Another component might be that theater producers, directors, and casting agents just have disproportionately white Rolodexes, and haven't made enough of an effort to build a list beyond that. It's an availability bias, and a self perpetuating cycle — people have seen white actors take on all these amazing roles, because that's who gets cast. They know what those actors are capable of, so it's easy to imagine them in new roles. They don't have the same level of experience with Asian actors, so even with a great audition, they might not capture the creators' imaginations in the same way. A proven track record with a beloved actor will usually win the part, and it makes sense that most actors afforded those opportunities are white.
There's no such thing as neutral casting. If the same people arguing that roles should go to the best person, regardless of race, then that should be true all of the time. Scriptnotes, a screenwriting podcast I listen to, tackled the issue of character ethnicity in scripts.
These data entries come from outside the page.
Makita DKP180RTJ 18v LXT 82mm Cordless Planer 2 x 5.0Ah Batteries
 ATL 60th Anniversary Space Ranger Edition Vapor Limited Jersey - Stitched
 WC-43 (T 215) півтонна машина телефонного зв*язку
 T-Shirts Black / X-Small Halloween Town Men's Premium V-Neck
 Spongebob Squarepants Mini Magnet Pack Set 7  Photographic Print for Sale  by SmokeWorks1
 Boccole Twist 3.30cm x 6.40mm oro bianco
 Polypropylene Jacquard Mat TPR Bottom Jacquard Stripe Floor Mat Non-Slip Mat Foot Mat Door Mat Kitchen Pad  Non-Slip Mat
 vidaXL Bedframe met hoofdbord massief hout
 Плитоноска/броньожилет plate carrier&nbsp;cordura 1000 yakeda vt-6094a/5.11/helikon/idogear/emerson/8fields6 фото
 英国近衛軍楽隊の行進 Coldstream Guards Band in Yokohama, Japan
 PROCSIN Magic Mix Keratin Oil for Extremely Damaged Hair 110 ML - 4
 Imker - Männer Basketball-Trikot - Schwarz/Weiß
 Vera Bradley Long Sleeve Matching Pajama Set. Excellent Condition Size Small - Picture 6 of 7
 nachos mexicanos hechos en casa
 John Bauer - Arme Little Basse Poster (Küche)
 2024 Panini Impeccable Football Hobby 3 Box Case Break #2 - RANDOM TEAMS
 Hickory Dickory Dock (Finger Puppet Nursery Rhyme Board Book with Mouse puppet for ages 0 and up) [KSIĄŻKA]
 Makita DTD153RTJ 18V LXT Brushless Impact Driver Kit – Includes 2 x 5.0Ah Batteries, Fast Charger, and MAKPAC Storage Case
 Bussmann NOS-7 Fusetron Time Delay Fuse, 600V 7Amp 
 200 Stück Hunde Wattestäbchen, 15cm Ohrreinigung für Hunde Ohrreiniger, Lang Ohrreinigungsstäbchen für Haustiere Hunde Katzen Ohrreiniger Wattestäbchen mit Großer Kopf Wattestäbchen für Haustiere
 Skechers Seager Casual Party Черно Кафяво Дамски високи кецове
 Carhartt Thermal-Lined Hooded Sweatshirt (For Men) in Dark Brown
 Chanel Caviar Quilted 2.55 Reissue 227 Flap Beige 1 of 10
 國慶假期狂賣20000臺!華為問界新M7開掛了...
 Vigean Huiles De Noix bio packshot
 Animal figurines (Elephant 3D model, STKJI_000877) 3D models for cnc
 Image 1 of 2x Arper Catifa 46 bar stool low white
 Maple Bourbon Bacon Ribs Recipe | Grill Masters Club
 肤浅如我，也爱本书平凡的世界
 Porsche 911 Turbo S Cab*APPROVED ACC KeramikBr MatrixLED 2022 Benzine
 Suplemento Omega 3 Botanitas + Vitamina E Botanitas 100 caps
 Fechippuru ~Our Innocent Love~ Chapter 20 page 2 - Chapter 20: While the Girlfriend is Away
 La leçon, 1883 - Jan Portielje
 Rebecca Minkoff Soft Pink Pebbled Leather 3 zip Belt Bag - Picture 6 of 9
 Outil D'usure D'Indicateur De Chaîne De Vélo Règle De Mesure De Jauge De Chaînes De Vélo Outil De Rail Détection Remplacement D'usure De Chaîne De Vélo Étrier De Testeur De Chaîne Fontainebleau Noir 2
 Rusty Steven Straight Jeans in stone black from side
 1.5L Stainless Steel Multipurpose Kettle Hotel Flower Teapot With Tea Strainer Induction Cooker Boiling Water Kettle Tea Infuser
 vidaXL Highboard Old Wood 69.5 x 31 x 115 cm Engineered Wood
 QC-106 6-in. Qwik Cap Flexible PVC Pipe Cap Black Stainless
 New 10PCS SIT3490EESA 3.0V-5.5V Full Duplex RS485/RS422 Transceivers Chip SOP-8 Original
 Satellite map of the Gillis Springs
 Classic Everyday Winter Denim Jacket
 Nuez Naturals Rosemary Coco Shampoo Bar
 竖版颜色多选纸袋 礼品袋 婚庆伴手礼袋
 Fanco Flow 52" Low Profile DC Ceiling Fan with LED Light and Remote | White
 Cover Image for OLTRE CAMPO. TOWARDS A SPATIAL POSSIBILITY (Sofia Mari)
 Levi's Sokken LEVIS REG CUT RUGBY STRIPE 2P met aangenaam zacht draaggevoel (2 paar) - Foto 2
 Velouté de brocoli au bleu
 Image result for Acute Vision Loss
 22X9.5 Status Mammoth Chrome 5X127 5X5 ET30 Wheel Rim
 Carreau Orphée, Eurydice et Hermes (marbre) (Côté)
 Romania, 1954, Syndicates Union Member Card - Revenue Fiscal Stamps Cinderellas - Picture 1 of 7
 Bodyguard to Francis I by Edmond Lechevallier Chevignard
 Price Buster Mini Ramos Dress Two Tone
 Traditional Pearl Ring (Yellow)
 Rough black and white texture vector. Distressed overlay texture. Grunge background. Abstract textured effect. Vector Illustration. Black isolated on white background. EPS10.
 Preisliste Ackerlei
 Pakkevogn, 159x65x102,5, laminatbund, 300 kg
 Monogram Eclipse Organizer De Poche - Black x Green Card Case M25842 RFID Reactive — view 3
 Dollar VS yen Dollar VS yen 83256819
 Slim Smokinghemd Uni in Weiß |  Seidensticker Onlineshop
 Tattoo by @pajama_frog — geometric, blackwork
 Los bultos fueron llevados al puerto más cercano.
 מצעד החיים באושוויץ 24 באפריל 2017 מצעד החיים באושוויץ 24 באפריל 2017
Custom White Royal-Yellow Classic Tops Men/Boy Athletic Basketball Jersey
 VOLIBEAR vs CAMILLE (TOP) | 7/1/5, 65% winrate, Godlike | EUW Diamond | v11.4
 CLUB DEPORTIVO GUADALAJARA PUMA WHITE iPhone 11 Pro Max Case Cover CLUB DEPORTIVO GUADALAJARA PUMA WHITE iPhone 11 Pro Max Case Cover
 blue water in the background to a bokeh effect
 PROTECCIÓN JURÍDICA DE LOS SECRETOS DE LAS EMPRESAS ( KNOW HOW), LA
Basically, the takeaway was, if no ethnicity is mentioned in the character description, you assume they're white. Sometimes cheeky casting directors might ignore instructions and bring in whoever they think is best for the role, but many just get the job done with the tools they have. And often the tools? They're white.
This particular blindspot sucks because there are so many reductive, stereotypical, and demeaning representations of Asian people out there, and so few truly human and complex Asian characters to counterbalance them. Somehow it feels a bit harder to stomach incidents like these in a world where shows like Two Broke Girls get renewed, despite the fact that that particular show's depiction of Korean-American restaurateur Han Lee—aptly described by Andrew Ti as "A tiny, greedy, sexless man-child"—led The New Yorker to say the show is "so racist it's baffling." We need more stories about compelling, complicated, idiosyncratic Asian characters spanning the whole range of human experience, not just the few notes that seem to be repeated way too often.
This isn't about straight-up evil, actively racist producers, directors, and casting directors, but it does reveal some of the smaller unconscious choices and assumptions people make that breed systemic exclusion. It's possible we often make the unconscious assumption that white=neutral, and that informs all of our choices. But the thing is, it's past time for everyone to recognize that we never lived in a white neutral country, and we certainly don't live in one now. Our stories should represent our culture, in all its variety, and how we cast our stories is an important part of creating the culture we want.
Playwright David Henry Hwang (pictured above) puts it best:
In choosing works to enjoy, the country in general needs to see past the the notion that a piece's "universality" has anything to do with the race and culture of its characters. Over the past 20 or 30 years, we seem to have crossed that Rubicon in the world of pop music. It's hard nowadays to remember that it was once considered daring to put Michael Jackson or Prince videos on MTV, for fear white audiences wouldn't watch them. We need to make that same transition in narrative-based art forms.